Run PyTorch code on TPU Pod slices

PyTorch/XLA requires all TPU VMs to be able to access the model code and data. You can use a startup script to download the software needed to distribute the model data to all TPU VMs.

If you are connecting your TPU VMs to a Virtual Private Cloud (VPC) you must add a firewall rule in your project to allow ingress for ports 8470 - 8479. For more information about adding firewall rules, see Using firewall rules

Set up your environment

  1. In the Cloud Shell, run the following command to make sure you are running the current version of gcloud:

    $ gcloud components update
    

    If you need to install gcloud, use the following command:

    $ sudo apt install -y google-cloud-sdk
  2. Create some environment variables:

    $ export PROJECT_ID=project-id
    $ export TPU_NAME=tpu-name
    $ export ZONE=us-central2-b
    $ export RUNTIME_VERSION=tpu-ubuntu2204-base
    $ export ACCELERATOR_TYPE=v4-32
    

Create the TPU VM

$ gcloud compute tpus tpu-vm create ${TPU_NAME} \
--zone=${ZONE} \
--project=${PROJECT_ID} \
--accelerator-type=${ACCELERATOR_TYPE} \
--version ${RUNTIME_VERSION}

Configure and run the training script

  1. Add your SSH certificate to your project:

    ssh-add ~/.ssh/google_compute_engine
    
  2. Install PyTorch/XLA on all TPU VM workers

    gcloud compute tpus tpu-vm ssh ${TPU_NAME} \
      --zone=${ZONE} \
      --project=${PROJECT_ID} \
      --worker=all --command="
      pip install torch~=2.2.0 torch_xla[tpu]~=2.2.0 torchvision -f https://storage.googleapis.com/libtpu-releases/index.html" 
    
  3. Clone XLA on all TPU VM workers

    gcloud compute tpus tpu-vm ssh ${TPU_NAME} \
      --zone=${ZONE} \
      --project=${PROJECT_ID} \
      --worker=all --command="git clone -b r2.2 https://github.com/pytorch/xla.git"
    
  4. Run the training script on all workers

    gcloud compute tpus tpu-vm ssh ${TPU_NAME} \
      --zone=${ZONE} \
      --project=${PROJECT_ID} \
      --worker=all \
      --command="PJRT_DEVICE=TPU python3 ~/xla/test/test_train_mp_imagenet.py  \
      --fake_data \
      --model=resnet50  \
      --num_epochs=1 2>&1 | tee ~/logs.txt"
      

    The training takes about 5 minutes.
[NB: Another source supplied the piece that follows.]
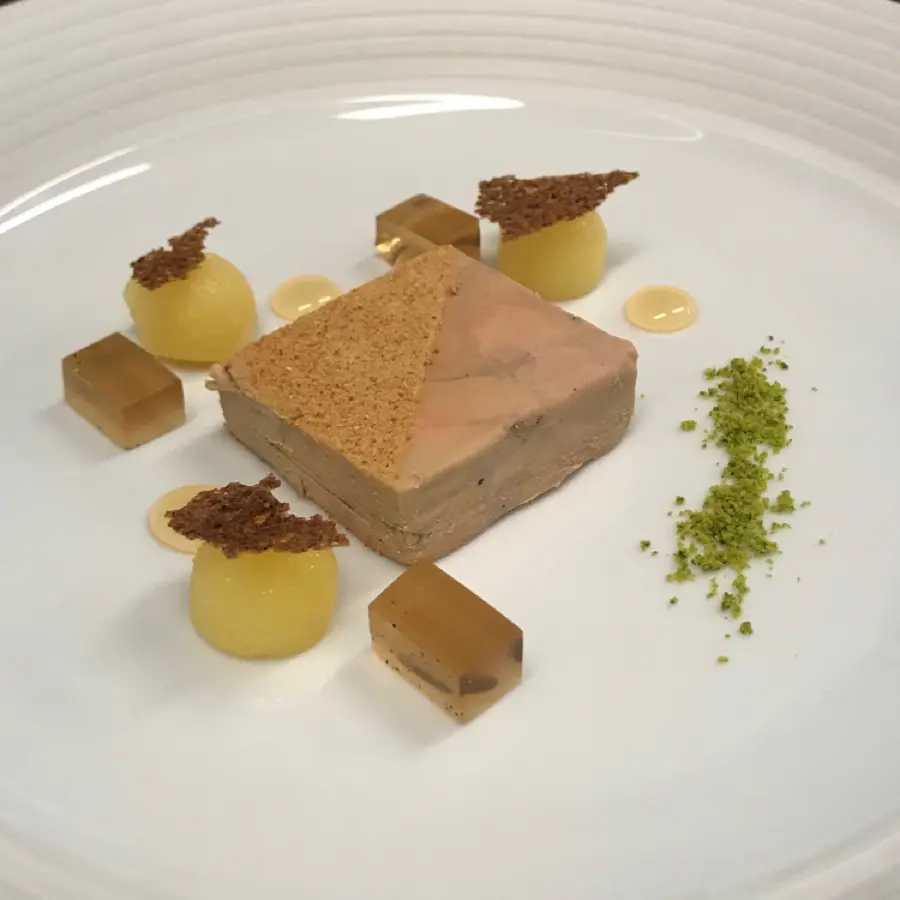 creation thumb for 🦆Goose Liver Terrine, 4 spice tulle, quince🦆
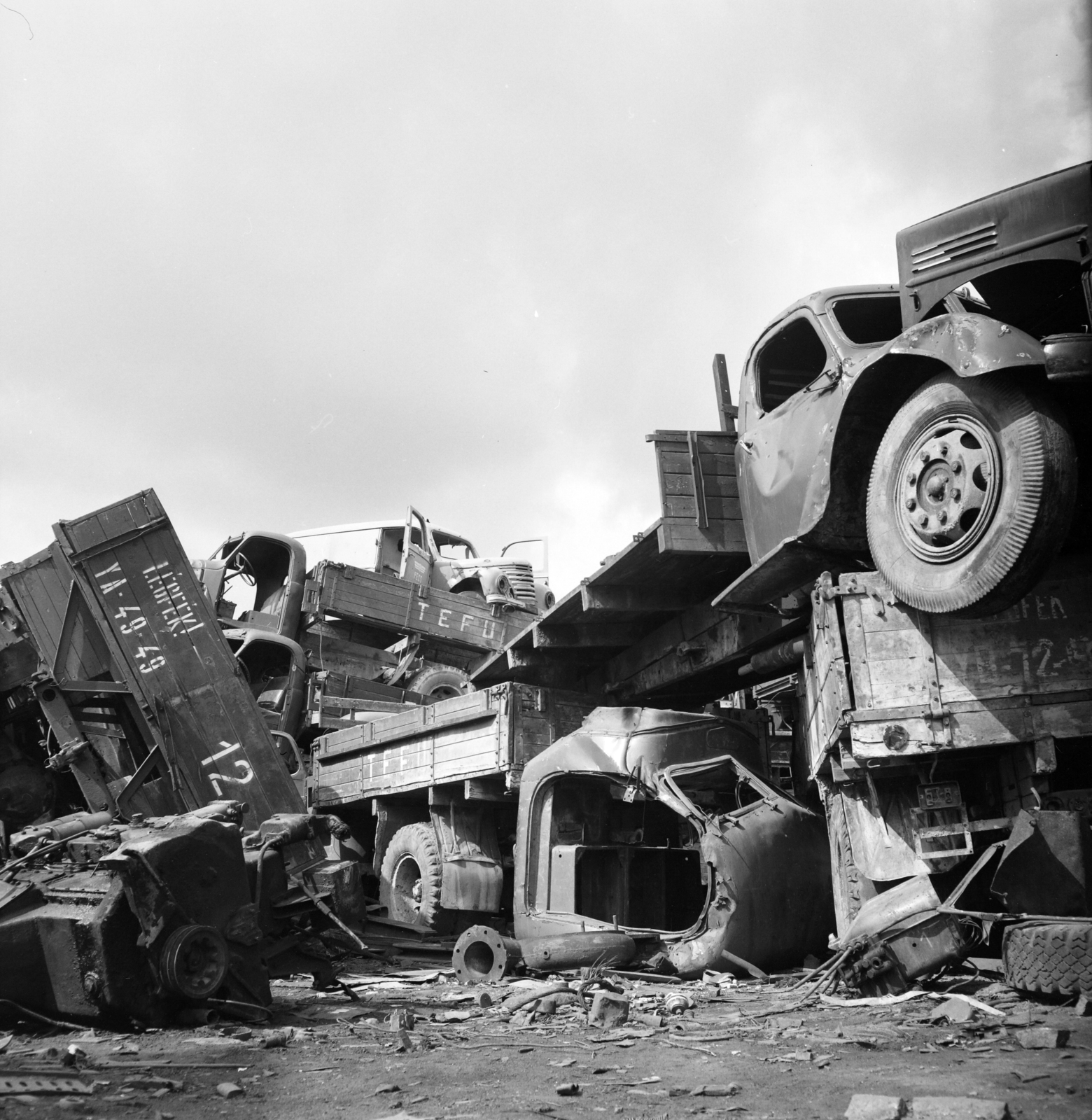 Hungary, Pécs, Légszeszgyár utca 34., a Diófa utca sarkán. MÉH (Melléktermék- és Hulladékgyűjtő Vállalat) telep., 1969, FŐFOTÓ, Best of, Fortepan #208008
When it completes, you should see a message similar to the following:

    Epoch 1 test end 23:49:15, Accuracy=100.00
    10.164.0.11 [0] Max Accuracy: 100.00%
    

Clean up

When you are done with your TPU VM follow these steps to clean up your resources.

  1. Disconnect from the Compute Engine:

    (vm)$ exit
    
  2. Verify the resources have been deleted by running the following command. Make sure your TPU is no longer listed. The deletion might take several minutes.

    $ gcloud compute tpus tpu-vm list \
      --zone europe-west4-a